A Kennedy lo despidieron miles de ciudadanos, entre lágrimas, durante todo el trayecto en tren de su cuerpo hasta Washington, cosa que nadie haría en España, porque nunca se sabe a qué hora sale un tren y mucho menos cuando llega -si es que llega-, lo más probable es que el cadáver llegara descompuesto o se extraviara por el camino. Pero es que aunque tuviéramos una red ferroviaria apta para el transporte de dirigentes políticos muertos, a nadie se le ocurriría ponerse al lado de la vía a esperarle llorando, en España eso de mirar pasar al tren lo dejamos a las vacas. Aquí lo que se lleva es hacer algún chiste sobre el político muerto, las lágrimas las derramamos cuando nuestro equipo de fútbol pierde o cuando se nos casa la niña. En la serie -e imagino que así sucedía en la realidad-, cuando se enteran del asesinato de Kennedy, los empresarios mandan a los empleados para casa, se conoce que están todos tan tristes que ni trabajar pueden, mejor que vayan a llorar junto a la familia. Y lo más increíble es que precisamente eso es lo que hacen, ir a llorar junto al televisor, en lugar de aprovechar para ir a pasar el día a Coney Island, como haría cualquier trabajador español. Imagino la cara que se le quedaría a mi director si se muere Pedro Sánchez -a quien Dios guarde muchos años- y le digo que me voy a casa a pasar el duelo, que estoy en un sinvivir y que así no hay manera de trabajar.

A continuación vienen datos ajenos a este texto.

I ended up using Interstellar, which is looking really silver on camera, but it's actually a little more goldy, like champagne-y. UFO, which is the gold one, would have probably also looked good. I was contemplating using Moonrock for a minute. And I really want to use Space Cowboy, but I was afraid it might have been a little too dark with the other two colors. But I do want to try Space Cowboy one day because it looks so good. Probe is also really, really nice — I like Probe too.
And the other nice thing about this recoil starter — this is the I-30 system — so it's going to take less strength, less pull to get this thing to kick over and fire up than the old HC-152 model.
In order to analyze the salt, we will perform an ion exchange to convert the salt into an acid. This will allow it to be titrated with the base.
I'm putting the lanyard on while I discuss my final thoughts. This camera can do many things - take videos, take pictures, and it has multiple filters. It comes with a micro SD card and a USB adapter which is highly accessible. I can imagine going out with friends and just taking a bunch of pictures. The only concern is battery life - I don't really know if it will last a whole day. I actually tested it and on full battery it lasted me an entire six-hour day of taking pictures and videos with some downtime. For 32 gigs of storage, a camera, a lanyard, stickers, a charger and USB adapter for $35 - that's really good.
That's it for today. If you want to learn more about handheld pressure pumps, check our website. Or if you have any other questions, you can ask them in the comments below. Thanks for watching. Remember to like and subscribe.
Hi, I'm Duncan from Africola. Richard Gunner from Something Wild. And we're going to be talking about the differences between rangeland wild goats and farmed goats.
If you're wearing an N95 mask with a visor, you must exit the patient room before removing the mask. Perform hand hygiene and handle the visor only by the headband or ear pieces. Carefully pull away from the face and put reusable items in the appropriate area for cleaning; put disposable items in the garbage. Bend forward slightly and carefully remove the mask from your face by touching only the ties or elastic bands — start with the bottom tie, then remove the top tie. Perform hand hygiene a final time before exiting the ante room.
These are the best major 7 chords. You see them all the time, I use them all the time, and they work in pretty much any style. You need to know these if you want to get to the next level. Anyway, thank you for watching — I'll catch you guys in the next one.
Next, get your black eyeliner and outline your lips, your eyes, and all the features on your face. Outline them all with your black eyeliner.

Jardiel Poncela, que por algo era español, decía que la muerte tenía una sola cosa buena: las viudas. Lo entendió bien Onassis que, en lugar de llorar, aprovechó para llevarse al huerto a Jackie Kennedy. El problema de Estados Unidos es que es un país demasiado nuevo, y los ciudadanos aún piensan que su vida va a cambiar dependiendo de quien gobierne, y que entre Kennedy y Nixon o entre Trump y Kamala, habrá alguna diferencia. En eso les llevamos los españoles siglos de ventaja, por eso sabemos que da igual y que la muerte no tiene nada de malo. La de los demás, claro.